Setting environment variables with puppet

I'm trying to work out the best way to set some environment variables with puppet.
I could use exec and just do export VAR=blah. However, that would only last for the current session. I also thought about just adding it onto the end of a file such as bashrc. However then I don't think there is a reliable method to check if it is all ready there; so it would end up getting added with every run of puppet.
I would take a look at this related question.
*.sh scripts in /etc/profile.d are read at user-login time (as the post says, at the same time /etc/profile is sourced)
Variables export-ed in any script placed in /etc/profile.d will therefore be available to your users.
You can then use a file resource to ensure this action is idempotent. For example:
file { "/etc/profile.d/my_test.sh":
content => 'export MYVAR="123"'
}
Or an alternate means to an indempotent result:
Example
if [[ ! grep PINTO_HOME /root/.bashrc | wc -l > 0 ]] ; then
echo "export PINTO_HOME=/opt/local/pinto" >> /root/.bashrc ;
fi
This option permits this environmental variable to be set when the presence of the
pinto application makes it warrented rather than having to compose a user's
.bash_profile regardless of what applications may wind up on the box.

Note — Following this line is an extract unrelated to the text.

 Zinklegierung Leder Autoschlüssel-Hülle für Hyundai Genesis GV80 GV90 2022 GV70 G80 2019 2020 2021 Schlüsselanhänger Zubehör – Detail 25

If you add it to your bashrc you can check that it's in the ENV hash by doing
ENV[VAR]
Which will return => "blah"
If you take a look at Github's Boxen they source a script (/opt/boxen/env.sh) from ~/.profile. This script runs a bunch of stuff including:
for f in $BOXEN_HOME/env.d/*.sh ; do
if [ -f $f ] ; then
source $f
fi
done
These scripts, in turn, set environment variables for their respective modules.
If you want the variables to affect all users /etc/profile.d is the way to go.
However, if you want them for a specific user, something like .bashrc makes more sense.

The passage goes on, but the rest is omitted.